W.S.O.P.
H.P. Brodsky01/05/2017Ne me demandez pas comment c'est arrivé ; je n'en sais rien moi-même, je n'ai pas eu le temps de réaliser. N'EMPÊCHE QUE C'EST ARRIVÉ : je me suis retrouvé dans les trois premières places de la table finale du World Series Of Poker de Los Angeles, face à Tony G. et Kurt Robert. On venait de me servir un 7 et un 2 dépareillés, la main la plus pourrie du monde ; et comme de bien entendu, j'ai passé mon tour et perdu ma blind. Robert a relancé de 30 000, et aussitôt Tony a commencé à l'asticoter :
— Je suis sûr que tu bluffes, Bobby… T'as déjà pas les couilles de jouer avec une paire de rois, alors si T'AVAIS VRAIMENT QUELQUE CHOSE EN POGNE, tu la jouerais frileux comme d'habitude, genre tapette, prêt à prendre dans le dos le mec qui se baisse pour ramasser la savonnette que tu aurais laissée tomber…

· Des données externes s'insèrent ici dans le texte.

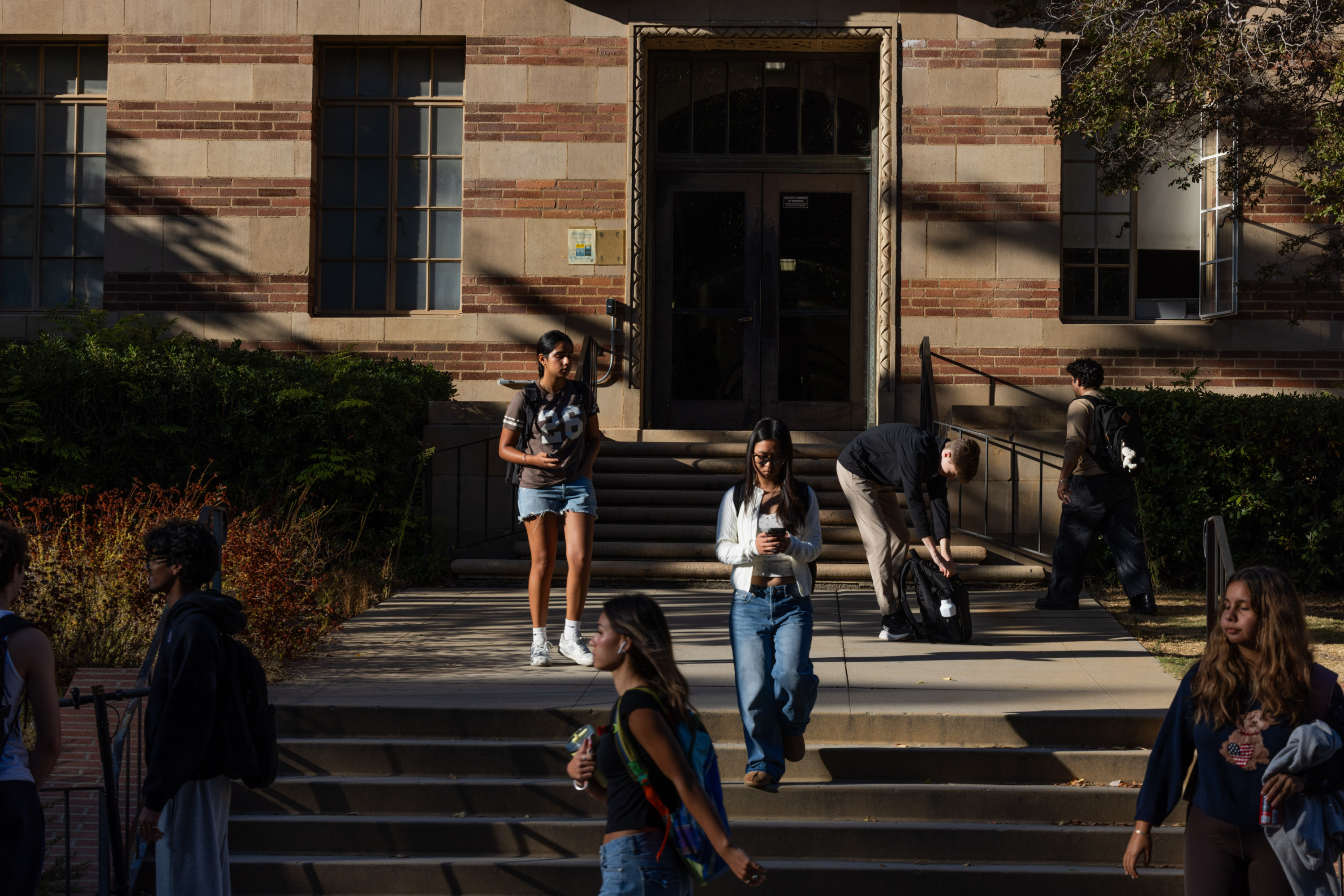 People walk on steps near a brick building.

Robert ne répondit pas. Il tentait de rester impassible face aux provocations de l'autre. Mais G. était murgé, comme toujours à ce stade de la compétition. Dans ces moments-là, il était incapable de s'arrêter, et comme il adorait faire le guignol et entendre le public se marrer, il en rajouta une couche :
— Je vais te dire ce que j'ai en pogne, trouduc : j'ai as - roi. Si tu connais tes stats', tu sais comme moi que je suis le plus fort.
Bobby craqua :
— Je vois surtout que tu es short stack, Tony. Alors ferme ta grande gueule et joue.
— OK, Bobby… Tu crois que ton tas de pognon m'impressionne ? Alors, tapis : 280 000 et des brouettes. Si tu perds le coup, il va juste te rester de quoi payer un coup à boire aux autres perdants.
— Suivi !
Je suis sûr que Robert pensait que Tony bluffait. Mais ce dernier retourna effectivement un roi de pique et un as de cœur. L'autre tira la gueule ; il avait une paire de 6, ce qui n'était pas si mal, finalement. Mais ses chances de l'emporter étaient minces…

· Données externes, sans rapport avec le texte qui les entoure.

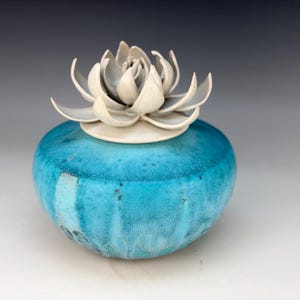 May include: A round ceramic jar with a vibrant turquoise blue glaze featuring a textured, mottled finish. The lid is topped with a sculpted, off-white ceramic flower with layered, pointed petals that resemble a succulent or lotus blossom.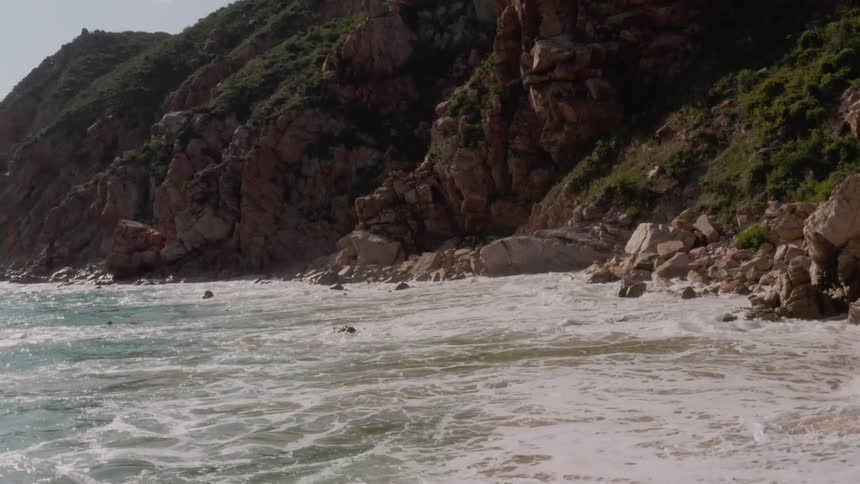 Ocean waves crash against the rocks on shore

Le donneur retourna le flop et confirma la chose : valet de cœur, as de trèfle, 5 de cœur.
— Et voilà, mec, tu l'as dans l'os. À ta santé, reprit Tony en levant vers lui son verre de sky.
Surprise : Robert toucha un troisième 6 au turn. Il resta impassible. G. se leva en pestant :
— C'est pas possible ! PAS POSSIBLE, MERDE ! Tu ferais bien de mieux surveiller ta femme, enfoiré ; je suis certain qu'elle en train de se faire tringler dans les chiottes, juste pour que tu gagnes ce coup.

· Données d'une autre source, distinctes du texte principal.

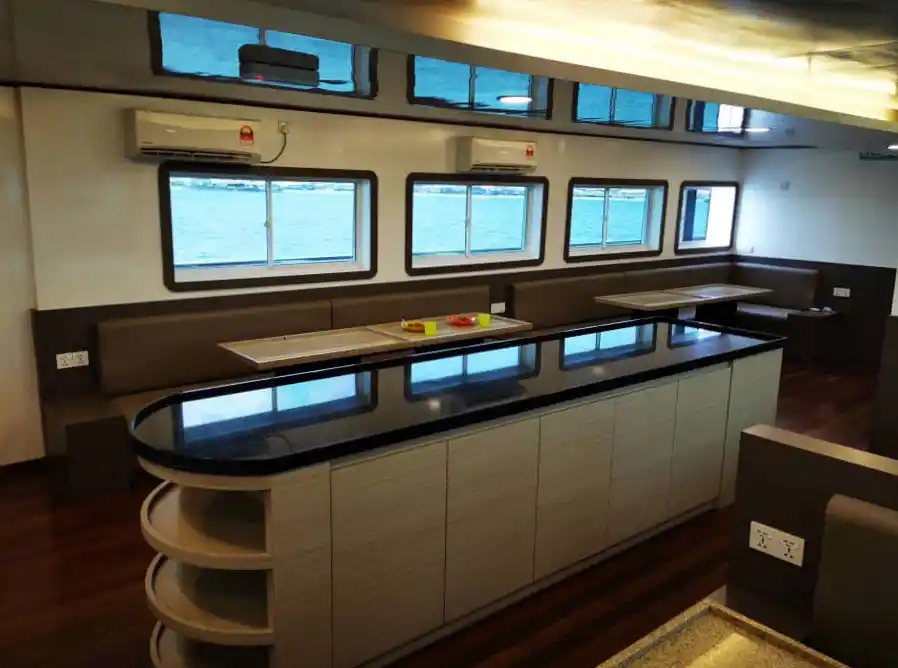 Brightly lit indoor lounge and dining hall on the Celebes Explorer 9 (CE9) liveaboard, with ample booth seating for meals and briefings.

— Si tu savais tout ce qu'elle est capable de faire par amour, mec, dit Bobby en riant.
La river confirma la déroute de Tony G. en offrant un 2 de trèfle à Robert qui ramassa les gains. Quant à moi, je n'en croyais pas mes yeux : j'étais en finale de la table finale ; j'allais jouer le prochain coup pour un million de dollars ! Même dans mes rêves les plus dingues, je n'avais jamais imaginé un truc pareil.
Les huissiers apportèrent sous les applaudissements du public le coffre empli de biftons contenant le premier prix ; devant ce spectacle merveilleux, je ne pus retenir une larme.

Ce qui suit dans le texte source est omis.